(Image-caption web data)

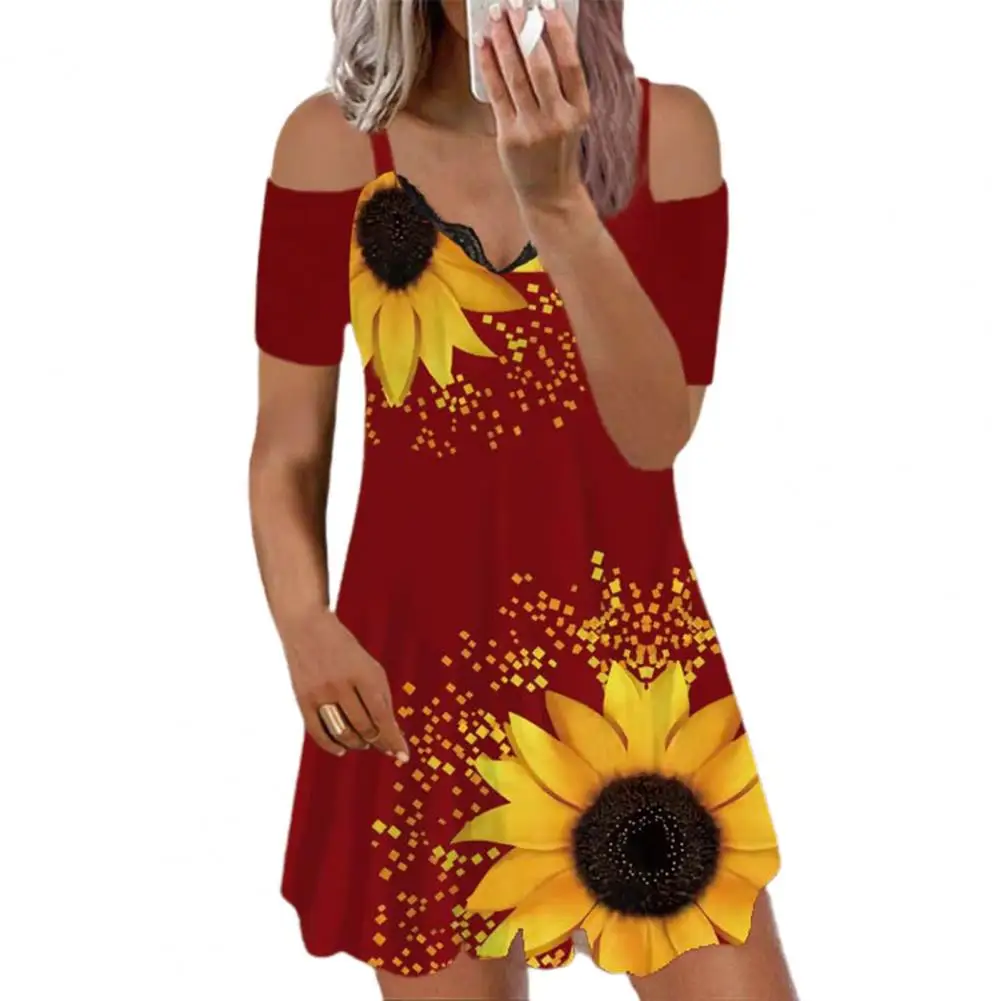 

Stylish Short Dress A-Line Summer Dress Sunflower Short Dress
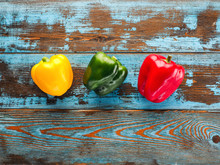 Three Colorful Bell Peppers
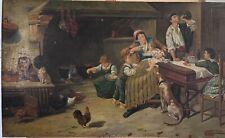Large antique oil painting on wood interior scene Restoration Project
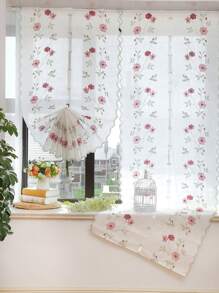 Floral Embroidery Single Panel Sheer Curtain - Multicolor - View 6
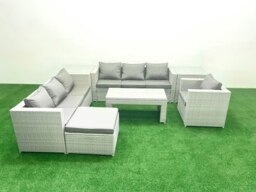 Rackhams Wicker PE Rattan Sofa Garden Furniture Set with Oblong Coffee Table Armchair Big Footstool 2 Side Tables Light Grey Mixed - thumbnail 2
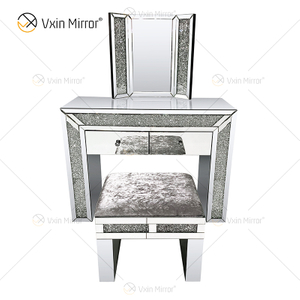 Taburete de tocador de plata de diamante triturado moderno de venta caliente 2 cajones con espejo de cuerpo entero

> [What you need to do] The copy must include every record exactly and none of the pictures.

> [Written solution]
Stylish Short Dress A-Line Summer Dress Sunflower Short Dress
 Three Colorful Bell Peppers
Large antique oil painting on wood interior scene Restoration Project
 Floral Embroidery Single Panel Sheer Curtain - Multicolor - View 6
 Rackhams Wicker PE Rattan Sofa Garden Furniture Set with Oblong Coffee Table Armchair Big Footstool 2 Side Tables Light Grey Mixed - thumbnail 2
 Taburete de tocador de plata de diamante triturado moderno de venta caliente 2 cajones con espejo de cuerpo entero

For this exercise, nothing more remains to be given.